TASK GOAL.
Your output must hold every entry exactly as written and none of the pictures.

***** DATA FOR ANALYSIS *****

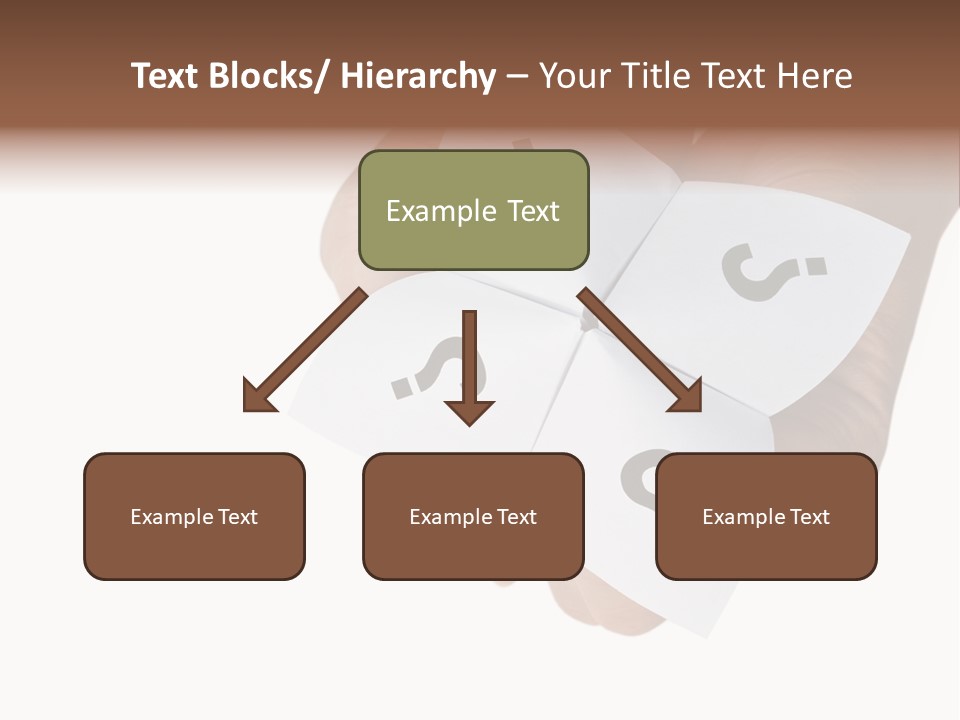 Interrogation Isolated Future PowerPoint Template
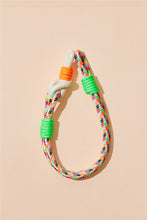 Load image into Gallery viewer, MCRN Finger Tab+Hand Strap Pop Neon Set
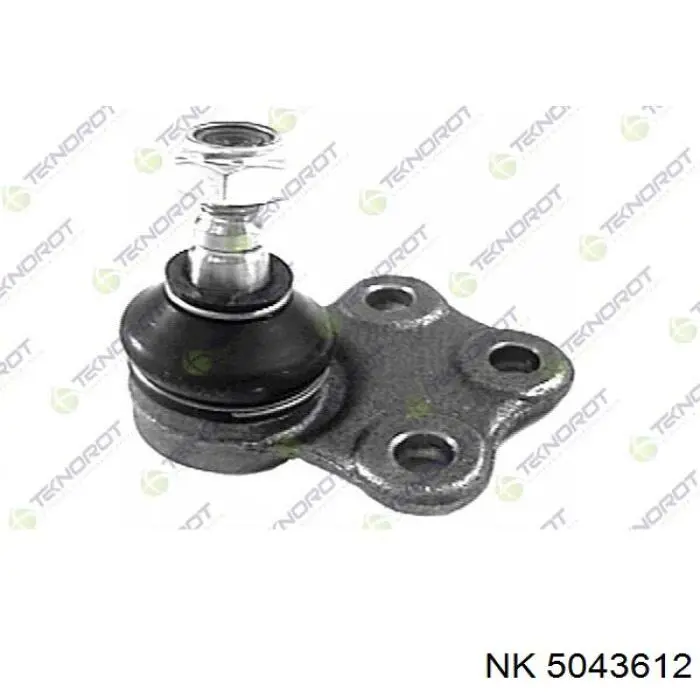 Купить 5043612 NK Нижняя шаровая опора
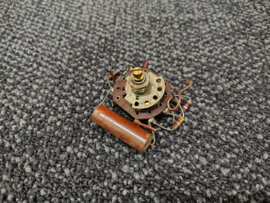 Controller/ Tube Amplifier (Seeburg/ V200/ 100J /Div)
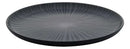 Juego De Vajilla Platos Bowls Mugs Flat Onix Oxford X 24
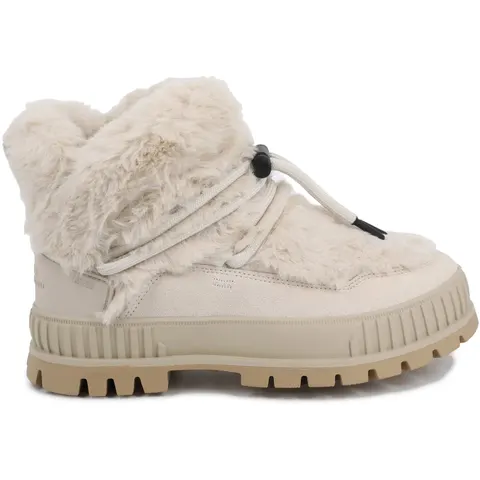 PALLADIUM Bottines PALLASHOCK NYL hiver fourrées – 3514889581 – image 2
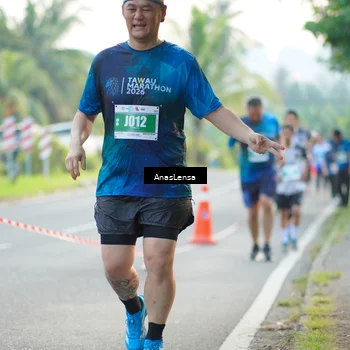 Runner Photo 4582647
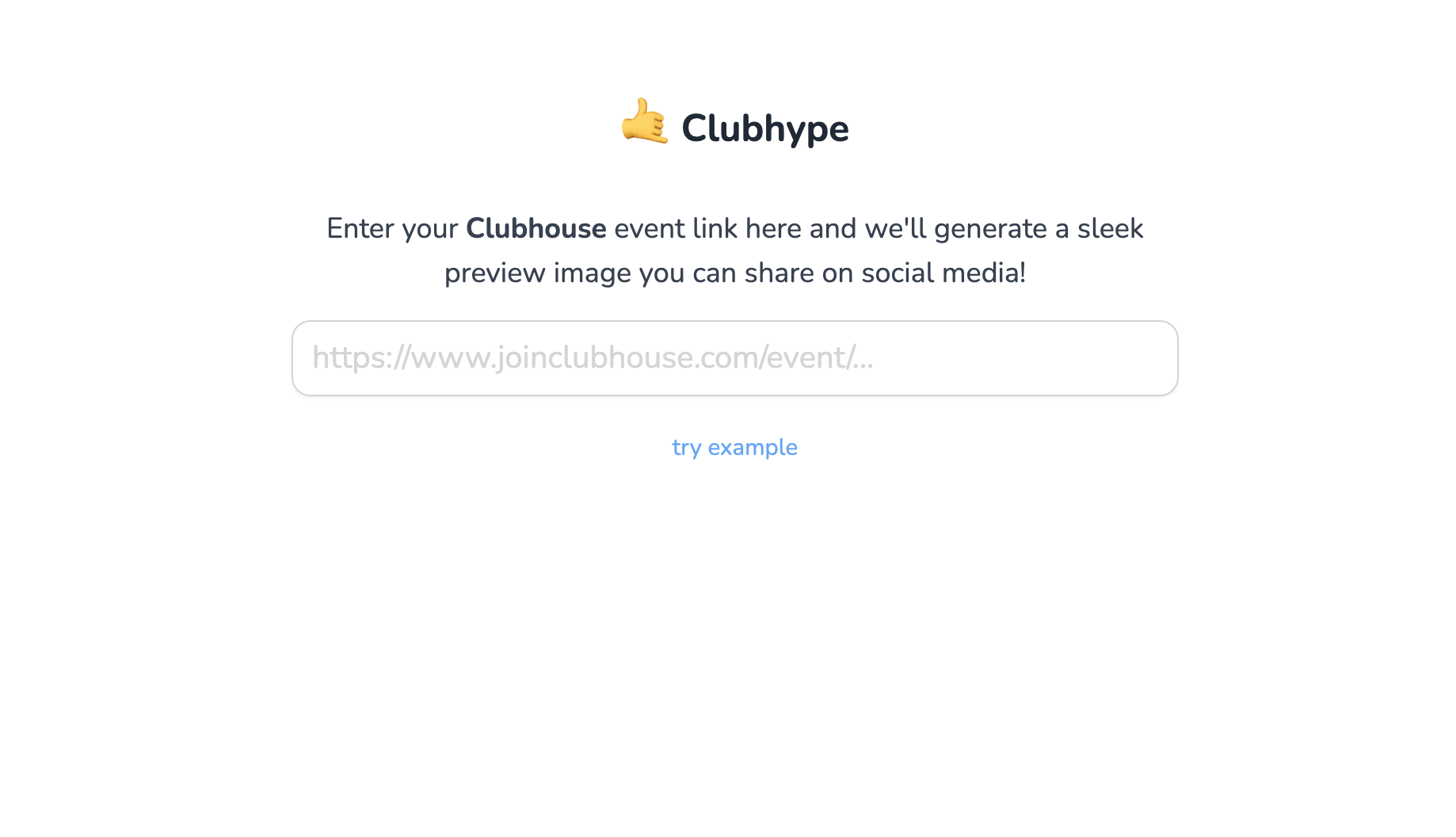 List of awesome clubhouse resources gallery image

*****

ANSWER FOR THIS EXERCISE.
 Interrogation Isolated Future PowerPoint Template
 Load image into Gallery viewer, MCRN Finger Tab+Hand Strap Pop Neon Set
 Купить 5043612 NK Нижняя шаровая опора
 Controller/ Tube Amplifier (Seeburg/ V200/ 100J /Div)
 Juego De Vajilla Platos Bowls Mugs Flat Onix Oxford X 24
 PALLADIUM Bottines PALLASHOCK NYL hiver fourrées – 3514889581 – image 2
 Runner Photo 4582647
 List of awesome clubhouse resources gallery image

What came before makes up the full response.